Telifi Arapça olarak yaklaşık yirmi yıl süren ve 23 Ramazan 1392’de (31 Ekim 1972) tamamlanan el-Mîzân’ın (Bahâeddin Hürremşâhî, et-Tefsîr, s. 91) Tahran’da baskıları yapılmış (1375, 1389, 1392), ayrıca Beyrut’ta neşredilmiştir (1393/1973, 3. baskı). Tefsiri Muhammed Bâkır Mûsevî Terceme-i Tefsîrü’l-Mîzân adıyla Farsça’ya (I-XX, Kum, 1363-1367 hş./1984-1988), Seyyid Saîd Ahdar Rızvî al-Mizan: An Exegesis of the Qur’an ismiyle İngilizce’ye (I-VI, Tahran 1403-1406/1983-1986), Vahdettin İnce ile Salih Uçan da el-Mizân fî Tefsiri’l-Kur’an adıyla Türkçe’ye tercüme etmiştir (İstanbul 1993-2004; tamamı yirmi cilt olacak tercümenin 2004 yılı itibariyle ilk sekiz cildi yayımlanmıştır).

el-Mîzân üzerinde bazı çalışmalar yapılmıştır. Bunlar arasında Ali el-Evsî’nin eŧ-Ŧabâŧabâǿî ve menhecühû fî tefsîrihi’l-Mîzân (Tahran 1405/1985), Ali Rızâ Mirza Muhammed’in Miftâĥu’l-Mîzân (I-III, Tahran 1406), İlyâs Kelânterî’nin Delîlü’l-Mîzân fî tefsîri’l-Ķurǿan (Tahran 1362 hş./1412) ve İbn Fezzû‘un Fehârisü’l-Mîzân fî tefsîri’l-Ķurǿan (Kum 1403) adlı eserleri ile Hudayr Ca‘fer’in Tefsîrü’l-Ķurǿân bi’l-Ķurǿân Ǿinde’l-Ǿallâmeti’ŧ-Ŧabâŧabâǿî (Risâletü’l-Ķurǿân, sy. 1, [Kum 1411], s. 38-58) adlı makalesi zikredilebilir.

BİBLİYOGRAFYA:

Tirmizî, “Tefsîr”, 1; M. Hüseyin Tabâtabâî, el-Mîzân, Beyrut 1983, I, 4-14, 275-276; III, 63-64; V, 70, 255, 370; XI, 174; XII, 51; Fehd b.
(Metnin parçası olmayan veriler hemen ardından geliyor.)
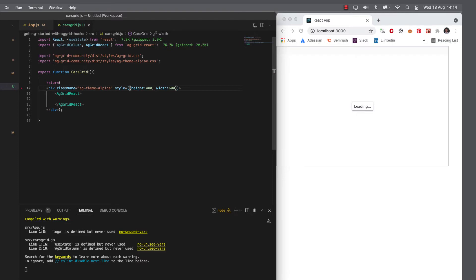Now we have our most basic grid and it's empty because we haven't given it any data. So let's do that.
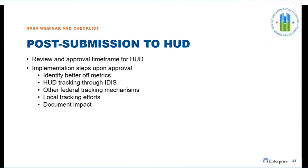Regarding post-submission to HUD, the review and approval timeframe depends on the complexity of the application, but HUD will not withhold approval of the Consolidated Plan if the NRSA request cannot concurrently be approved. Upon approval, implementation steps include identifying better-off metrics — measures that identify who the intended beneficiaries are and how you will know your strategies were successful. You will also be required to track progress through IDIS and any other federal tracking mechanisms for which you're leveraging benefits, such as low-income housing tax credits and new markets tax credits, and to document your impact.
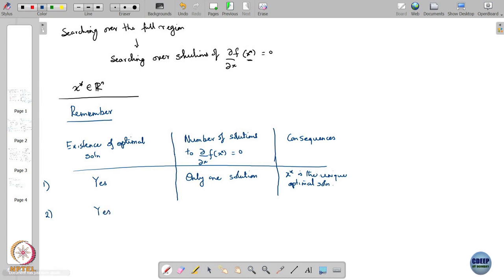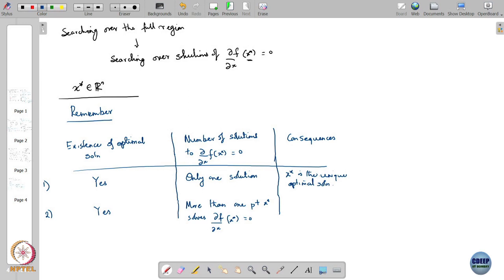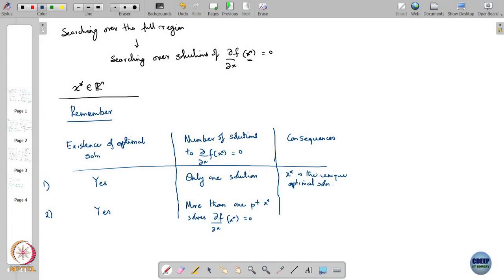Case 2: suppose there is an optimal solution, but when you look at the nonlinear equations, you find more than one point satisfying derivative equals 0. If there are more than one point solving this, any of those could be the optimal solution. No particular conclusion can be drawn.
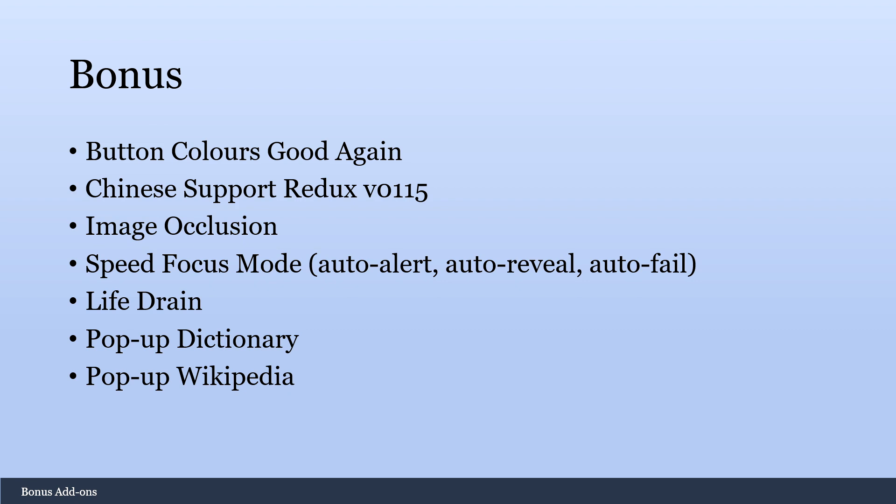All right, so that's it for this video. Just wanted to introduce people to add-ons if they haven't been using them already. And hopefully you find something that makes the whole process of studying more enjoyable for you. I hope this was helpful, and let me know if you have any good suggestions, and thanks for watching!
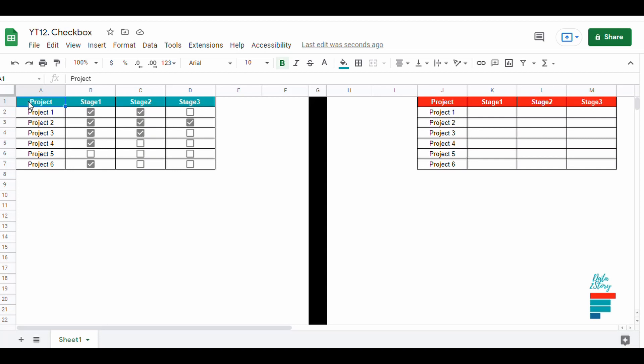Hey everyone, in today's video I will show you how to create a checkbox in Google Sheets. For example, it could be useful to keep track of a project based on its different stages.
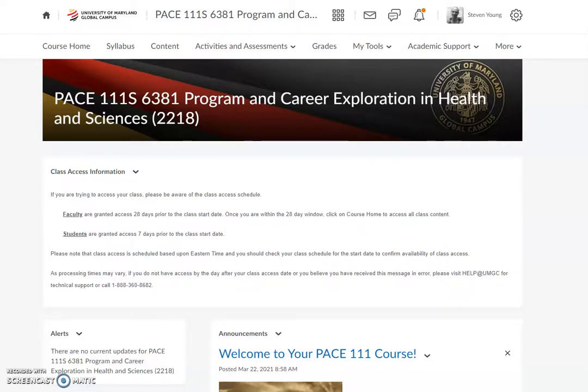Hello PACE 111S class. My name is Steve Young. I'm going to be serving as your guide, facilitator, mentor, and instructor for this course. I want to officially welcome you to the course as well as UMGC. What I thought I would do in this short welcome or introduction video is get you introduced a little bit to navigating the course and what you can expect from the class itself.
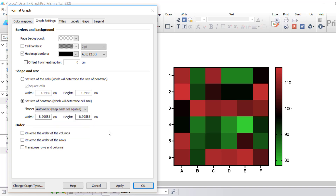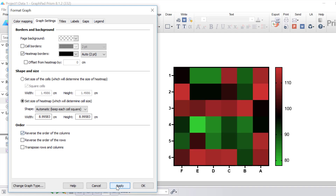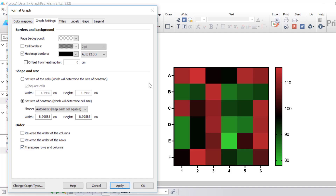At the bottom, under Order, you can optionally reverse the order of columns and rows, or transpose rows and columns. For example, if you tick the option to reverse the order of your columns and click apply, notice how the graph has shifted so that F is now on the left and A is on the right. You can do the same for rows, and if you transpose rows and columns, the columns become rows and the rows become columns.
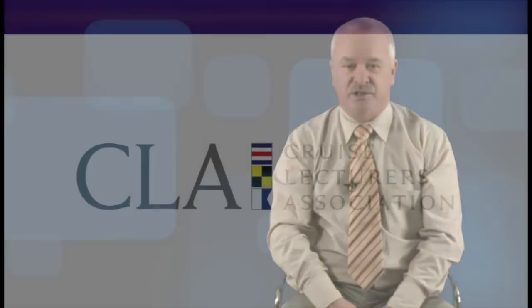Thank you for viewing this video and I look forward to delivering these presentations to your clientele on behalf of the Cruise Lecturers Association.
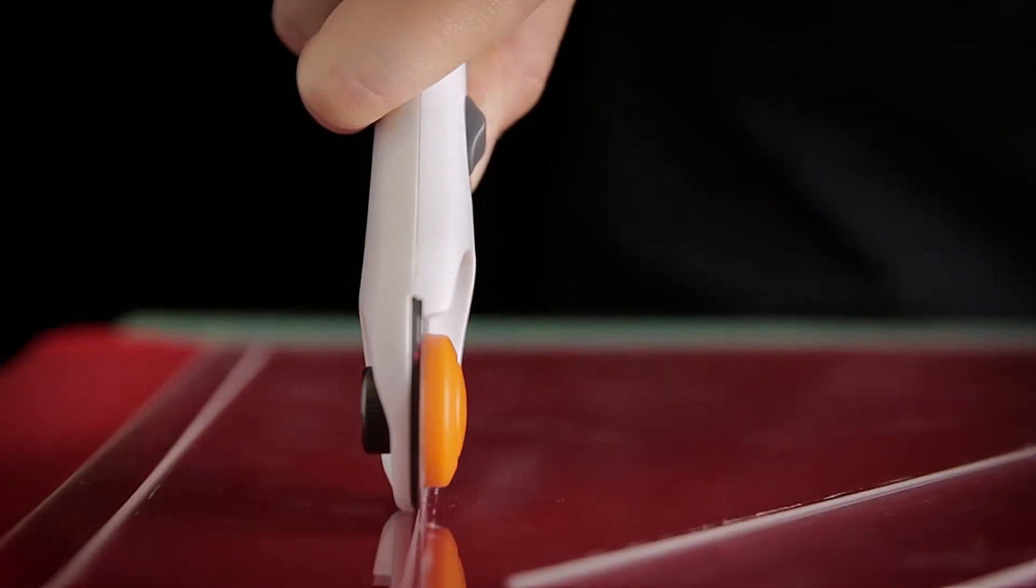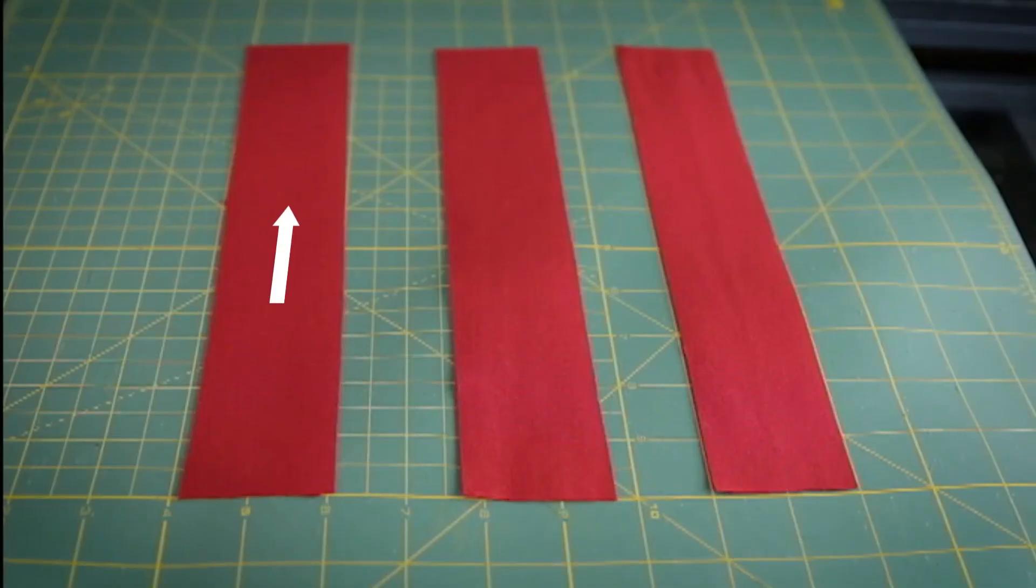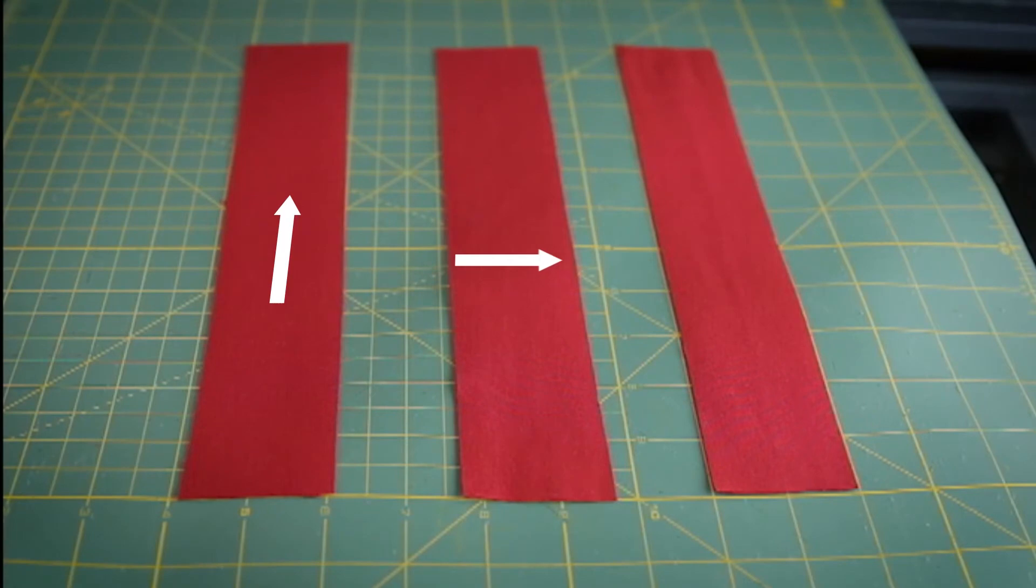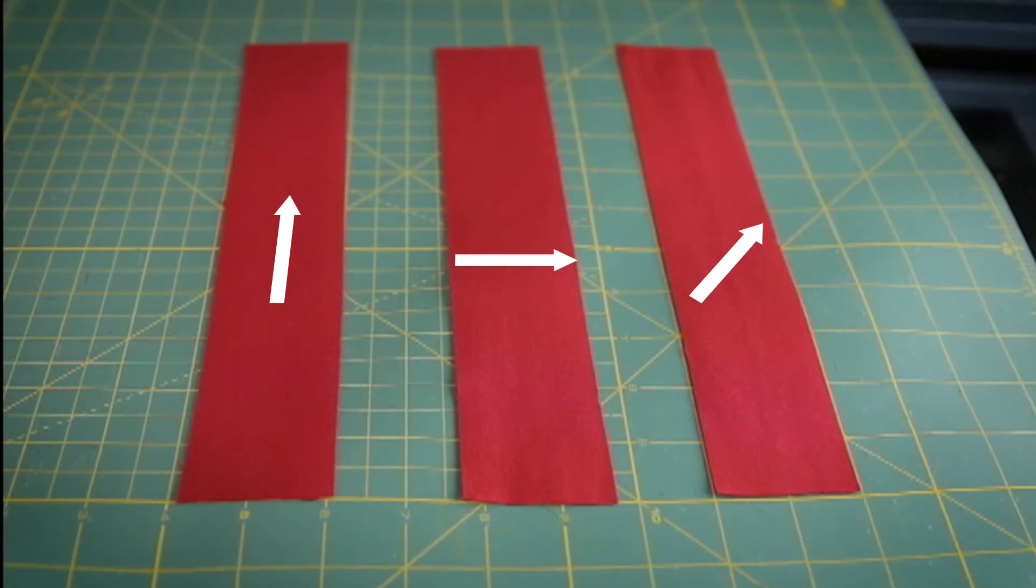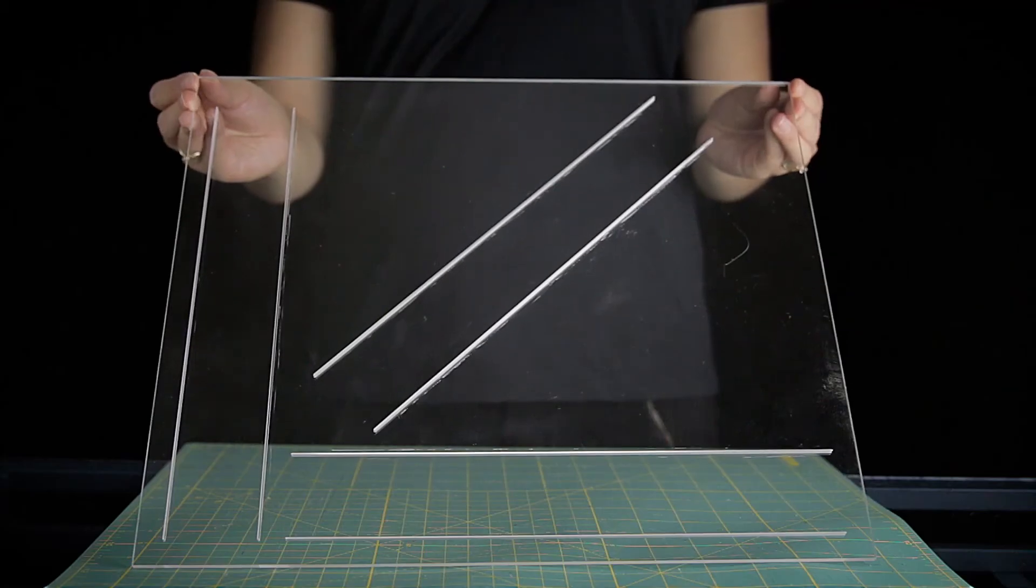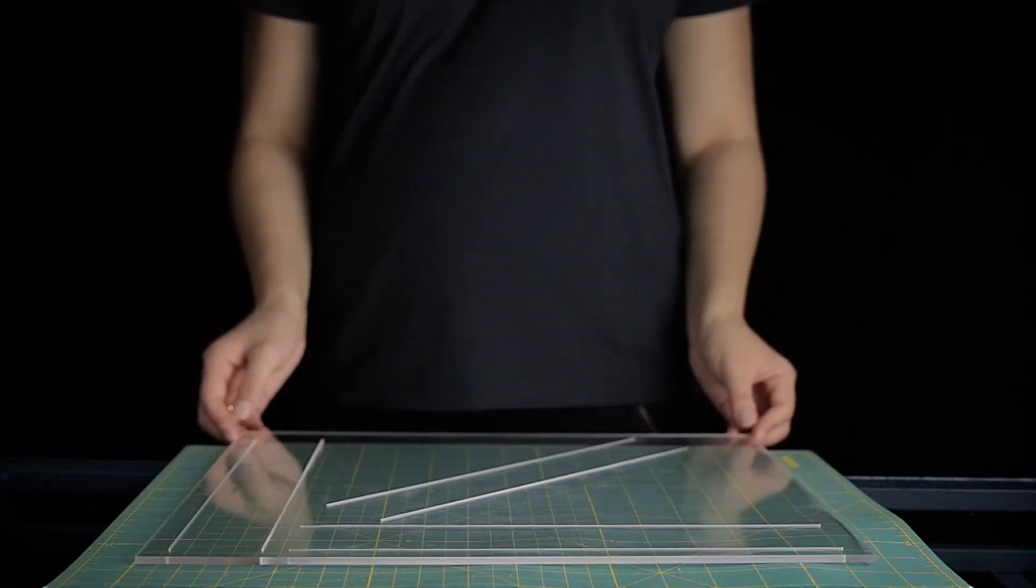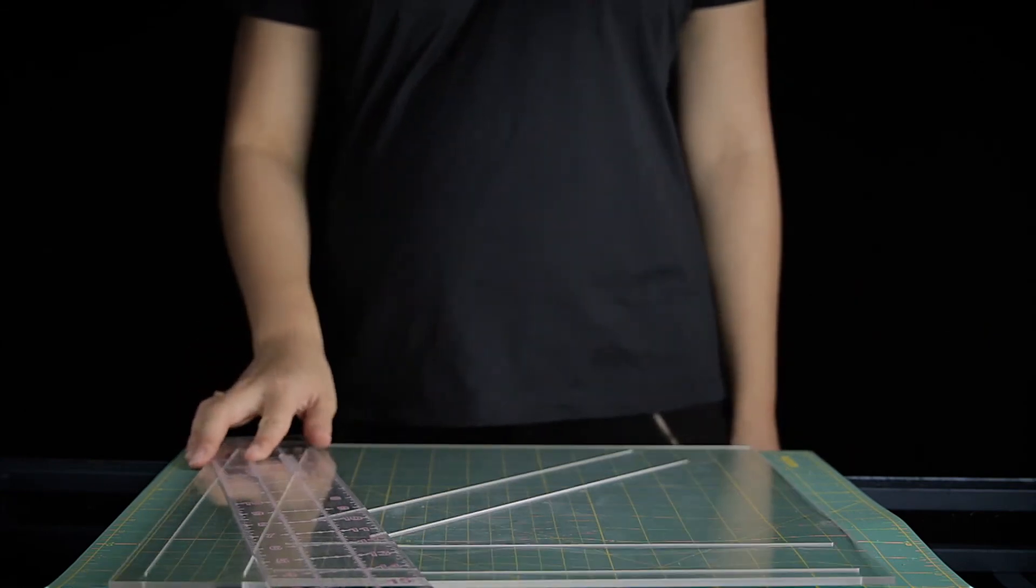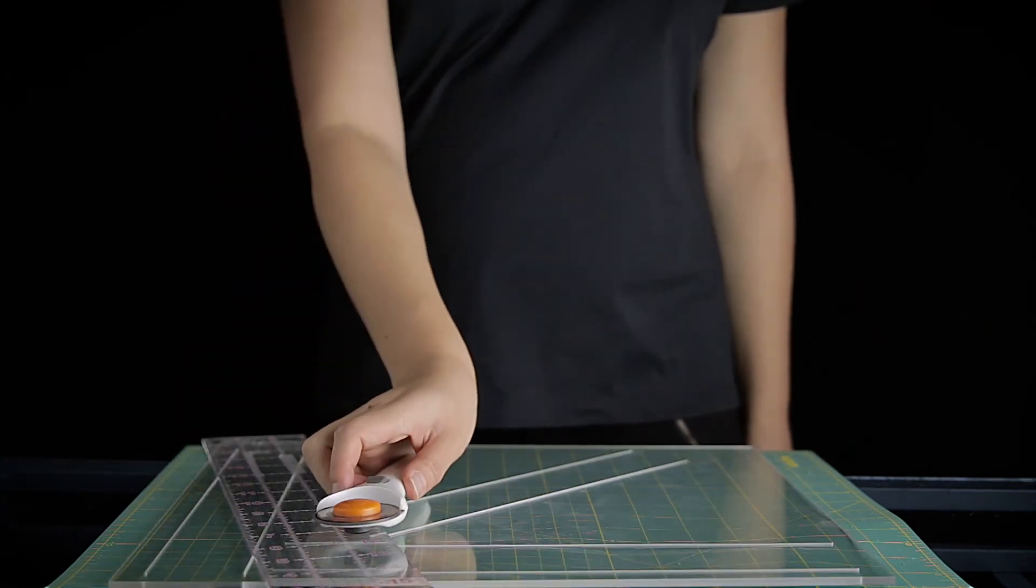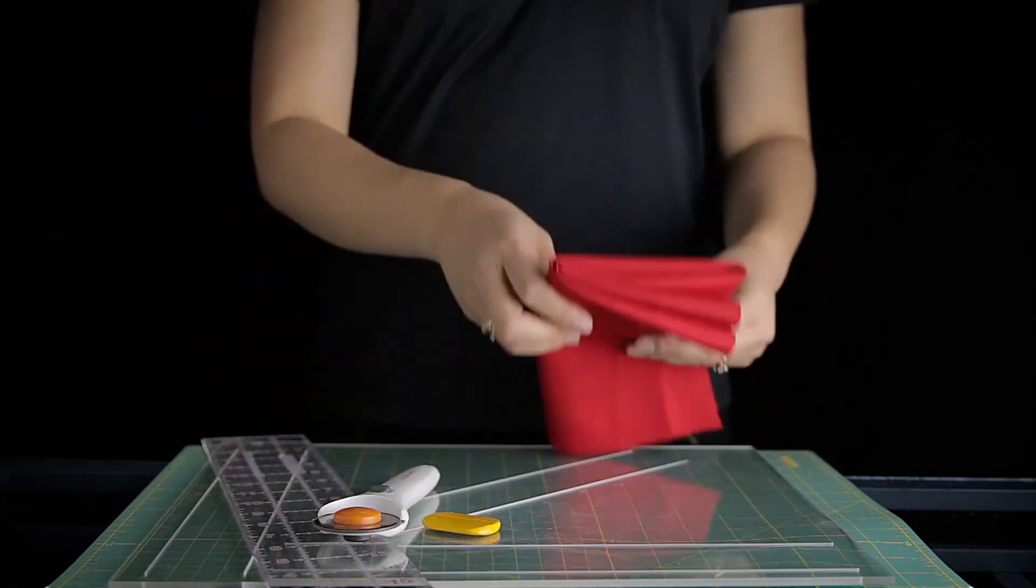Cut and mark your three sample fabric strips: a long or length grain, a cross or width grain, and bias grain. Use the cutting template to achieve accurate dimensions of 5 cm x 30 cm or 2 x 12 inches with a rotary cutter and cutting mat.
Abdurrahman er-Rûmî, İtticâhâtü’t-tefsîr fi’l-ķarni’r-râbiǾ Ǿaşer, Riyad 1407/1986, s. 239-252; Bahâeddin Hürremşâhî, et-Tefsîr ve’t-tefâsîrü’l-ĥadîŝe, Beyrut 1990, s. 91-106; a.mlf., “Der Bâre-i Tefsîrü’l-Mîzân”, Neşr-i Dâniş, II/1, Tahran 1360 hş., s. 11-17; M. Ali Ayâzî, el-Müfessirûn, Tahran 1414, s. 703-711; Hasan Hasanzâde Âmilî, “ǾAllâme Ŧabâŧabâǿî Müfessir-i Büzürg-i ŞîǾa”, Neşr-i Dâniş, II/1 (1360 hş.), s. 5-10.